* **Scraped caption text data**
□ □ □ □ □ □ □
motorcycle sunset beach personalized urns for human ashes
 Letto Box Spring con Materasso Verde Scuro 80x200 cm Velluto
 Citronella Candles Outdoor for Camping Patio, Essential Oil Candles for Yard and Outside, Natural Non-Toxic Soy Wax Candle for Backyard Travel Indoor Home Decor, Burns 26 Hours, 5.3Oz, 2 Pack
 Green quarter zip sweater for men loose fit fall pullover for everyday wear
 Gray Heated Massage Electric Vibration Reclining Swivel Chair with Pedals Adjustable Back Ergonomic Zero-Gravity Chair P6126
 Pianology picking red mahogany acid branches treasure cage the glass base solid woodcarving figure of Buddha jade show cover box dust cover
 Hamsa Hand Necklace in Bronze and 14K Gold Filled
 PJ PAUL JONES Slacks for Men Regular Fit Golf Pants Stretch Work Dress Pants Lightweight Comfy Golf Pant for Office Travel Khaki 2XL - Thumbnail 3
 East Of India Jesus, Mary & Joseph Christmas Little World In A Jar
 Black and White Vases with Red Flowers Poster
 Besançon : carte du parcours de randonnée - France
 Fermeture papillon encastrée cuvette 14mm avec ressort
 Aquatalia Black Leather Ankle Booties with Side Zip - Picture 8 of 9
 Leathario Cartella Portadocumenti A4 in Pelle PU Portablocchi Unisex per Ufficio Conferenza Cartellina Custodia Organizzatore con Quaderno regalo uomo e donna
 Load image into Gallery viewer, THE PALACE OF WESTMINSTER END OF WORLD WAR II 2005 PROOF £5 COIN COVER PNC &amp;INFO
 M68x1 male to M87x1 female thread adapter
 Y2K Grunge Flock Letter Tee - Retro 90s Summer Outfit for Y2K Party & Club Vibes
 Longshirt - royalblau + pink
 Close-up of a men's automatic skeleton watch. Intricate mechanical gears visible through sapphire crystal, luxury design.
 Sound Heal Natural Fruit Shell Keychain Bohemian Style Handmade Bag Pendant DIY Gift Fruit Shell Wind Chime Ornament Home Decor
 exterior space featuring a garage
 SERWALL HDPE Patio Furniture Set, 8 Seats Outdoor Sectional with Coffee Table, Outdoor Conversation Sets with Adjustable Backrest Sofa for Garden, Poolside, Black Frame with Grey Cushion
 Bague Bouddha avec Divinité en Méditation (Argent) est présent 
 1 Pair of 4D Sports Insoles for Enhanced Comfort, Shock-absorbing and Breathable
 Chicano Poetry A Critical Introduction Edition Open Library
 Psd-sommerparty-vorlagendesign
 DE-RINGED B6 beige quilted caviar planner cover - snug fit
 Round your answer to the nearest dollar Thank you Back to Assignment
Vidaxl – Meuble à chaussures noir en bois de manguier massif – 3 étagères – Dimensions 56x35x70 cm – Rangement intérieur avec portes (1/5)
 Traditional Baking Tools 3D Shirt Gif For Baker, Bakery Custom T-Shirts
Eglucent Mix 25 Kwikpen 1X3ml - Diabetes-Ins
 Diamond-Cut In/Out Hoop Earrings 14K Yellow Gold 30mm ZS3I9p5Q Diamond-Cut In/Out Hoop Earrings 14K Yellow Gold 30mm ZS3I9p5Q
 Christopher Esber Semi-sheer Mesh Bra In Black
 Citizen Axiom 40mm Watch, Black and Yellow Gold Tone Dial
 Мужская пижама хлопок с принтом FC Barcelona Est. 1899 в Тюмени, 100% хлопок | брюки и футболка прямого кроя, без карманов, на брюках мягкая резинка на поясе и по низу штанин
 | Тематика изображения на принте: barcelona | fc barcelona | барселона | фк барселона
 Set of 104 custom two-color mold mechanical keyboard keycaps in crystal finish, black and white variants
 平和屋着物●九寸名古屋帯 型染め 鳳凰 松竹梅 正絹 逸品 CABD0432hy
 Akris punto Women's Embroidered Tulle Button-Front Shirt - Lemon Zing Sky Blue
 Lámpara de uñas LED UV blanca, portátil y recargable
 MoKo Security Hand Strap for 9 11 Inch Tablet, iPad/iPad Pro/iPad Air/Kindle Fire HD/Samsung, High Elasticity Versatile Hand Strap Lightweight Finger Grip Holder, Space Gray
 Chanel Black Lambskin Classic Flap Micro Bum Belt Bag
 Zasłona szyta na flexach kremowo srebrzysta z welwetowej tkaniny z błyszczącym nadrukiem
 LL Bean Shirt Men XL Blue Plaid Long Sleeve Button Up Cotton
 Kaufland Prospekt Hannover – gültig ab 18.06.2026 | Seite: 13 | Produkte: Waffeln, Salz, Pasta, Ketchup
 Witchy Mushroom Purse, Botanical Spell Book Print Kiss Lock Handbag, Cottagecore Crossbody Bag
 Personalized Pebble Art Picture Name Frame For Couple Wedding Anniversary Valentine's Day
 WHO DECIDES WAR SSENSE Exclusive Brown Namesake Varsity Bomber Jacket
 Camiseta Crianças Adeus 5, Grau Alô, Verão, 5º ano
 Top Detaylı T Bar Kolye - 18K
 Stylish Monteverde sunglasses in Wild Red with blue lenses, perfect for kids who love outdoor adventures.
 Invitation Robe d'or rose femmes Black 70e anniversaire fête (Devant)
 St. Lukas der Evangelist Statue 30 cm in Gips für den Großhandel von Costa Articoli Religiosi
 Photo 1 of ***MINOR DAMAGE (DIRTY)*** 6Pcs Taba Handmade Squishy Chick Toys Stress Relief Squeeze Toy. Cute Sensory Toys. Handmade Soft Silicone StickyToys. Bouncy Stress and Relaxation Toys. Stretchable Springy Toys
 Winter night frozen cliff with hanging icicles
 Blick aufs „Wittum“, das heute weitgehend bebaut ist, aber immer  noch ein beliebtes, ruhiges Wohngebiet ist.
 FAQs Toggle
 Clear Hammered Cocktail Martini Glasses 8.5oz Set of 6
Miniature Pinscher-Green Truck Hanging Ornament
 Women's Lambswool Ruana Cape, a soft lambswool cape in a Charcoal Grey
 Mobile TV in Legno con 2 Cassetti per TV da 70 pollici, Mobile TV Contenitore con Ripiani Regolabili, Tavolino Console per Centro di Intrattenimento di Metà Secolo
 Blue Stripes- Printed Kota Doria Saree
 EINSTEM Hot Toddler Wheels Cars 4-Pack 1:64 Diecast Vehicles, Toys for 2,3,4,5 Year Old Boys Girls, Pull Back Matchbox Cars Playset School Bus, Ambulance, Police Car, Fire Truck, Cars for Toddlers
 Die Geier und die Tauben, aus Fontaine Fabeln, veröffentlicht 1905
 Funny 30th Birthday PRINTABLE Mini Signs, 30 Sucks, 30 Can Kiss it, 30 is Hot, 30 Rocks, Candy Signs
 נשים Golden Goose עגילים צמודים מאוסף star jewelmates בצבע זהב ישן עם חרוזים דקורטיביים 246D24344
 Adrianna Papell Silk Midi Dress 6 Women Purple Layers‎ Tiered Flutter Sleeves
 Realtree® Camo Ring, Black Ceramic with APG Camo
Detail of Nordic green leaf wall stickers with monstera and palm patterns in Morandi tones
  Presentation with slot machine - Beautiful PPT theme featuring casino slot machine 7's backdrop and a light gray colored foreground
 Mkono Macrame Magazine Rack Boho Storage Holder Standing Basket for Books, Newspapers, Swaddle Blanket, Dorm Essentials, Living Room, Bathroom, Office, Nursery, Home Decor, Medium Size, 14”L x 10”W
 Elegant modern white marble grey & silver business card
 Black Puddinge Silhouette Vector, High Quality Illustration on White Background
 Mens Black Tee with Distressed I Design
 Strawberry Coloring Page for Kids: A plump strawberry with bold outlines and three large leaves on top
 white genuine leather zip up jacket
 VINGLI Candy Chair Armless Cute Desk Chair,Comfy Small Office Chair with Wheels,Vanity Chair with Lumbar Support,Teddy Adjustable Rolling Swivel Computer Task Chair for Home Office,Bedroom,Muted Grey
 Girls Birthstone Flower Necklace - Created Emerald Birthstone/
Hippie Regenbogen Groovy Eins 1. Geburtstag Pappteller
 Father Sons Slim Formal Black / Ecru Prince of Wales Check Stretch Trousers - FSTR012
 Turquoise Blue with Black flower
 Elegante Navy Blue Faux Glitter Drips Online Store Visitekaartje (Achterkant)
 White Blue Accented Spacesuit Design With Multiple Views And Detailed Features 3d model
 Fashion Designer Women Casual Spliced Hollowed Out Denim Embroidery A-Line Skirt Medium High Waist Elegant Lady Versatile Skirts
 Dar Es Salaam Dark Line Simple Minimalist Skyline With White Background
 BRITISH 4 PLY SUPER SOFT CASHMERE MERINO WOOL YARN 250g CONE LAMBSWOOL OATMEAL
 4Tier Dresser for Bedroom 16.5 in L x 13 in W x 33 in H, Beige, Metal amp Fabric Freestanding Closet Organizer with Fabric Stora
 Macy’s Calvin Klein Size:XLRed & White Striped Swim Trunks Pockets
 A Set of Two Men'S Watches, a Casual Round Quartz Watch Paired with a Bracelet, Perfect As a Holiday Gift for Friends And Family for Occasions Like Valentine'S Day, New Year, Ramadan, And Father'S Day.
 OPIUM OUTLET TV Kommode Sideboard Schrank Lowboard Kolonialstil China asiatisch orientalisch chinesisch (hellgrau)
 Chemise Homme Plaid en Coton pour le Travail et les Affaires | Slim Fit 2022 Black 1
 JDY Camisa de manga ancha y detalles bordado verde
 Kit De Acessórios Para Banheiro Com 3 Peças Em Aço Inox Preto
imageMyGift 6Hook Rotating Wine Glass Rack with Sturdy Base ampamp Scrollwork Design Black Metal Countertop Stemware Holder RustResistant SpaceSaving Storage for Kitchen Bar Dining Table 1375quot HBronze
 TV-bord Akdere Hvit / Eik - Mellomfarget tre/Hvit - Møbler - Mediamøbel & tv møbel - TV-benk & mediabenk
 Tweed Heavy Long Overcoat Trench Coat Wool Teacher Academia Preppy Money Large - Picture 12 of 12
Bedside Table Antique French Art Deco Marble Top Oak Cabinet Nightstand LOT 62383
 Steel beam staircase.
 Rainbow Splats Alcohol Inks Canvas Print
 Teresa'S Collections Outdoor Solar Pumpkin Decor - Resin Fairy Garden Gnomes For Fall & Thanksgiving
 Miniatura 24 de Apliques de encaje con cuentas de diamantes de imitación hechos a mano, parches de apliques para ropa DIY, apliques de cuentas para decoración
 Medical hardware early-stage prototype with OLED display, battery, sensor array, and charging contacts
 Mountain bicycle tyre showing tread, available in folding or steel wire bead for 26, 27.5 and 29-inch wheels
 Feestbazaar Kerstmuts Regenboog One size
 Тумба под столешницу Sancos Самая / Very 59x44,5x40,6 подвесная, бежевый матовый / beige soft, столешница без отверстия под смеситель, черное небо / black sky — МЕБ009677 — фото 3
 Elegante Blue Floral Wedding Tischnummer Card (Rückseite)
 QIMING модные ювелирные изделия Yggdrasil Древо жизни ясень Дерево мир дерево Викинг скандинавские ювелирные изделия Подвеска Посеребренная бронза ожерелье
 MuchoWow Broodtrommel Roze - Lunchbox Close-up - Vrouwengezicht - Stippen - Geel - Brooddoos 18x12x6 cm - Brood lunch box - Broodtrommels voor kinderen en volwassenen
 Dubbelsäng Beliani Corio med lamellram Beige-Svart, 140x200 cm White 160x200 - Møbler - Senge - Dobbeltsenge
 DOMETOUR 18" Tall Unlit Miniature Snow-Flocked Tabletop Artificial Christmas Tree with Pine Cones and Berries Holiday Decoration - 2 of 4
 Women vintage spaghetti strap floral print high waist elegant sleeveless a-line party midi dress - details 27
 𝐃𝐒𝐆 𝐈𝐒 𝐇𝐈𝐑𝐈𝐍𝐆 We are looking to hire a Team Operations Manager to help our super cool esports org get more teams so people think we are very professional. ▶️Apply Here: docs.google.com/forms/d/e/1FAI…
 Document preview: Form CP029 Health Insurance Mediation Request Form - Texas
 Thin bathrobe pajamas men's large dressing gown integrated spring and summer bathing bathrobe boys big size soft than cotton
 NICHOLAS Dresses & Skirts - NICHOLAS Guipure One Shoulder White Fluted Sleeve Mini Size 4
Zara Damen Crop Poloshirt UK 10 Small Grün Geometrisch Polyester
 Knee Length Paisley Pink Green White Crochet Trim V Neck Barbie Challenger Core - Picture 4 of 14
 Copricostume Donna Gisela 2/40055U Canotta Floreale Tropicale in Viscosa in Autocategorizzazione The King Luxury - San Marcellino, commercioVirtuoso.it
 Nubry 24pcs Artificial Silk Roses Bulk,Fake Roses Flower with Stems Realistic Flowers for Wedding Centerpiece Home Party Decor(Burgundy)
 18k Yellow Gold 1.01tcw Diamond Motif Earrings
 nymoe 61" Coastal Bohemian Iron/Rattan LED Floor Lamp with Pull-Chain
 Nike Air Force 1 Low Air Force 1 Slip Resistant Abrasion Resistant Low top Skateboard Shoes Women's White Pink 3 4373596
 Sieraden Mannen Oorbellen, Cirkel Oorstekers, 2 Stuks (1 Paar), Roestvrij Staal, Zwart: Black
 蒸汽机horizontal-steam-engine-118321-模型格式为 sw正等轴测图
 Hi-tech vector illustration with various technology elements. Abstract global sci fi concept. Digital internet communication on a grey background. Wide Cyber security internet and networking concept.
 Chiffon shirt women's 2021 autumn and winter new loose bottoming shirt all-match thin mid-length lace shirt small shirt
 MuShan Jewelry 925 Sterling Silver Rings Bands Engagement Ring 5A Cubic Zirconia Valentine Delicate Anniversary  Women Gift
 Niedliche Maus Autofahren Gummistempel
□ □ □ □ □ □ □
Copy each line of the records above that carries the word "Toys".

 Photo 1 of ***MINOR DAMAGE (DIRTY)*** 6Pcs Taba Handmade Squishy Chick Toys Stress Relief Squeeze Toy. Cute Sensory Toys. Handmade Soft Silicone StickyToys. Bouncy Stress and Relaxation Toys. Stretchable Springy Toys
 EINSTEM Hot Toddler Wheels Cars 4-Pack 1:64 Diecast Vehicles, Toys for 2,3,4,5 Year Old Boys Girls, Pull Back Matchbox Cars Playset School Bus, Ambulance, Police Car, Fire Truck, Cars for Toddlers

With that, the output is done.